As Fumiko's story ends, Fuyue arrives at the Oiwake villa and informs Fumiko that now that both Yoko and Masayuki are dead, Taro is leaving her with both the Oiwake and Karuizawa homes.

Fuyue then drives Yusuke home, but not before revealing that, during the period where Taro lived with Fumiko in Tokyo, the two became lovers.

Before his vacation ends, Yusuke returns to the Oiwake villa in secret where he watches Fumiko and Taro scatter Yoko and Masayuki's ashes.

==Characters==
- Minae Mizumura: A fictionalized version of the author.
- Yusuke Kato: A well-educated and well-connected editor of a literary journal who is informed about Taro Azuma and Yoko's affair by Fumiko Tsuchiya and eventually passes the story on to Minae Mizumura after immigrating to the U.S. Loosely based on the character of Mr. Lockwood in Emily Brontë's Wuthering Heights.
- Taro Azuma: A mysterious and clever boy of unknown origin raised by abusive family members. He is loosely based on the character of Heathcliff.
- Fumiko Tsuchiya: The narrator of a first person account of the relationship between Taro and Yoko. An intelligent woman, who was forced, through lack of means, to turn her back on her education and work as a maid. Throughout the novel, she interferes in the lives of Yoko and Taro, often acting as a go-between. She is loosely based on the character of Nelly Dean.
- Mrs. Utagawa: A former geisha and the step-mother of Dr. Utagawa and step-grandmother of Yuko. Through her influence, Taro and Yoko are brought together as children.

===The Saegusa Family===
- Harue Saegusa: The eldest of the original three Saegusa sisters. Despite the fact that she married well, she is always resentful that Noriyuki Shigemitsu died before she could marry him. She is ambitious and plans for her own daughter to marry into the Shigemisu family, only to be disappointed when her niece Yoko does instead.
- Natsue Utagawa ( Saegusa): Yoko's mother who is kind but naive and is influenced by her older sister Harue. She favours her other daughter Yuko over Yoko.
- Fuyue Saegusa: The youngest of the sisters. She never marries after her first crush, Noriyuki, dies in the war. She becomes a pianist and is much kinder and less formal than her older sisters.
- Yoko Utagawa: The younger of Natsue's daughters. She is considered an outsider by her family, not getting along with her aunts or her cousins. She is close to Mrs. Utagawa and later Taro Azuma. Loosely based on Catherine Earnshaw.

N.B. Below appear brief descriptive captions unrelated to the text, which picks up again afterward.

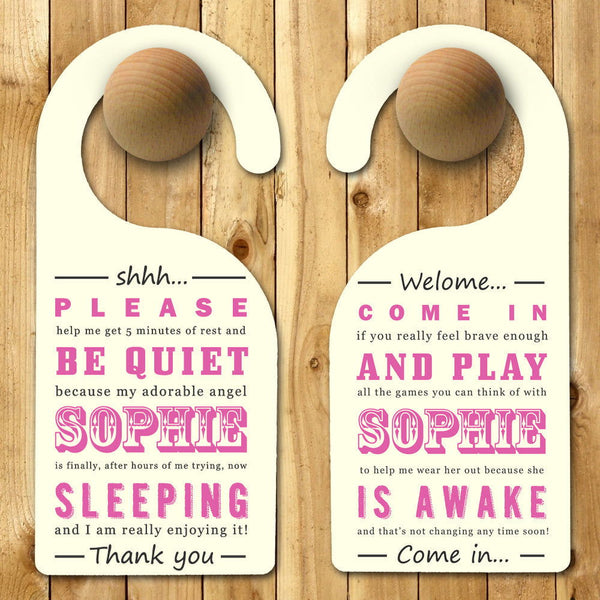 Buy Personalised Baby Door Hanger in Pink available now at www.giftsfinder.co.uk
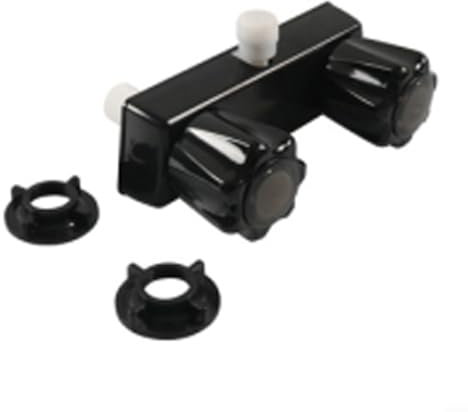 Rubinetto doccia RV Valvola deviatore 1/2 Bagno Doccia Miscelatore Valvola di Controllo per RV Camper con Doppia Manopola (nero)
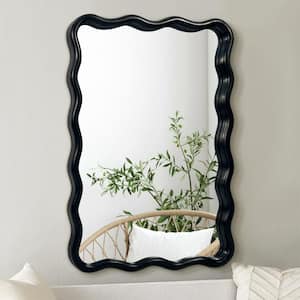 24 in. W x 36 in. H Wavy Black Wood Framed Wall Mirror for Living Room, Bathroom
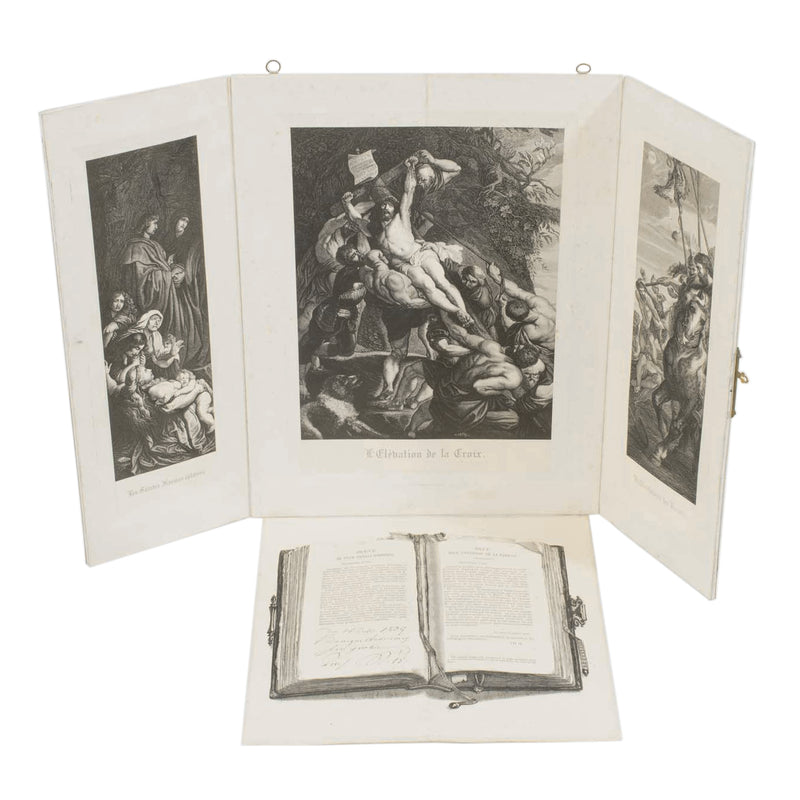 7-Panel Folding Icon of Steel Engravings w/ Brass Cross Closure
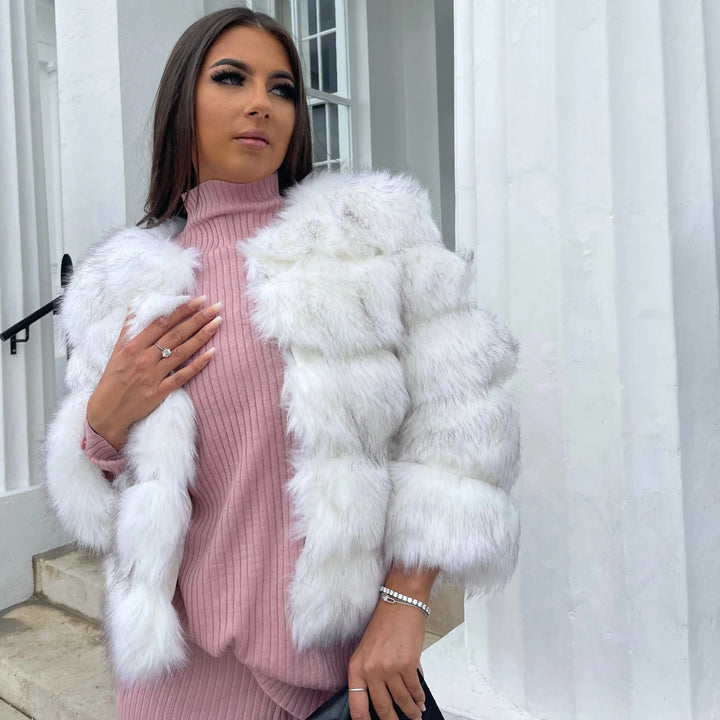 Imogen | Womens Cropped Faux Fur Open Front Jacket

===The Shigemitsu Family===
- Noriyuki Shigemitsu: The only son in the Shigemitsu family. He dies in combat during the war, before Fumiko goes to work for the Saegusa family, but his presence is still felt since each Saegusa sister once longed to marry him.
- Yayoi Shigemitsu: The only surviving family member of her generation. She is good friends with the Saegusa sisters.
- Masayuki Shigemitsu: The only child of Yayoi Shigemitsu. As a child he is close to Harue's children Mari and Eri and Natsue's eldest daughter Yuko, but as an adult he falls in love with and marries Yoko. Loosely based on Edgar Linton.

==Reception==
A True Novel won the Yomiuri Prize for Literature in 2003 and the Next Generation Indie Book Awards' Grand Prize in Fiction in 2014. It has been generally well received by critics. Susan Chira at The New York Times praised the novel for "taking a quintessential Western Gothic and making it wholly Japanese." David Cozy, writing for The Japan Times, called the novel "a welcome update" of Wuthering Heights and praised Juliet Winters Carpenter's "fluent translation."